Italian police staged a late-night raid on the Austrian biathlon team's Winter Olympics quarters on Saturday, an Austrian Olympic chief and investigative source said.
"The searches are ongoing in the Austrian biathlon staff's lodgings. They were made at the request of the Turin prosecutors," said the source.
The subject of the investigation is the possible presence of banned substances, he added. The secretary-general of the Austrian Olympic Committee Heinz Jungwirth told Reuters there had been a police raid on Austrian biathletes in Pragelato.
"There was a suspicion of doping and the athletes had to submit to doping tests," he said.
Sources close to the International Olympic Committee (IOC) said it would issue a statement shortly.
There have been six biathlon races so far at the 2006 Winter Games and not one Austrian medallist in the sport.
There are four more biathlon races due before the end of these Winter Olympics.
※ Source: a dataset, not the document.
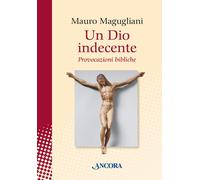 Libri Mauro Magugliani - Un Dio Indecente. Provocazioni Bibliche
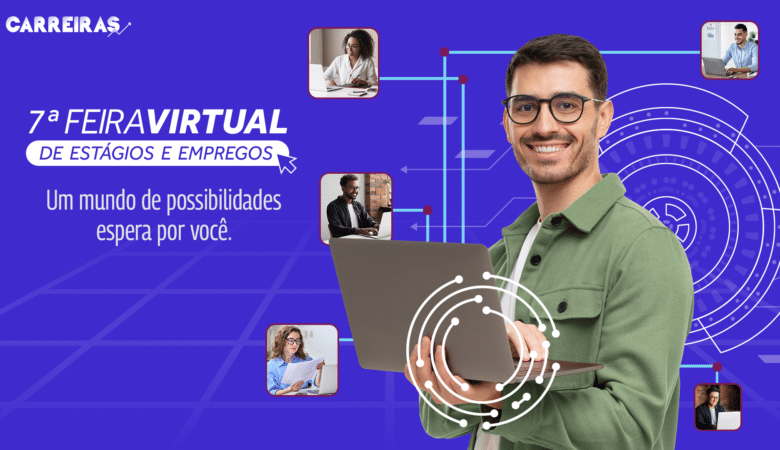 7ª Feira Virtual de Estágios e Empregos Blog Estácio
The next is scheduled for Tuesday.
The Italian government, which introduced strict doping laws before it won the right to host the Turin Olympics, has refused to relax them to correspond with IOC rules which foresee only non-penal sanctions for drugs users.
Even a last-minute compromise between the IOC and the host country on who would handle the doping tests during the Games had failed to include a moratorium on launching criminal procedures against athletes found using banned substances.
That left the IOC concerned that athletes could be subjected to police raids and face prison sentences if they tested positive.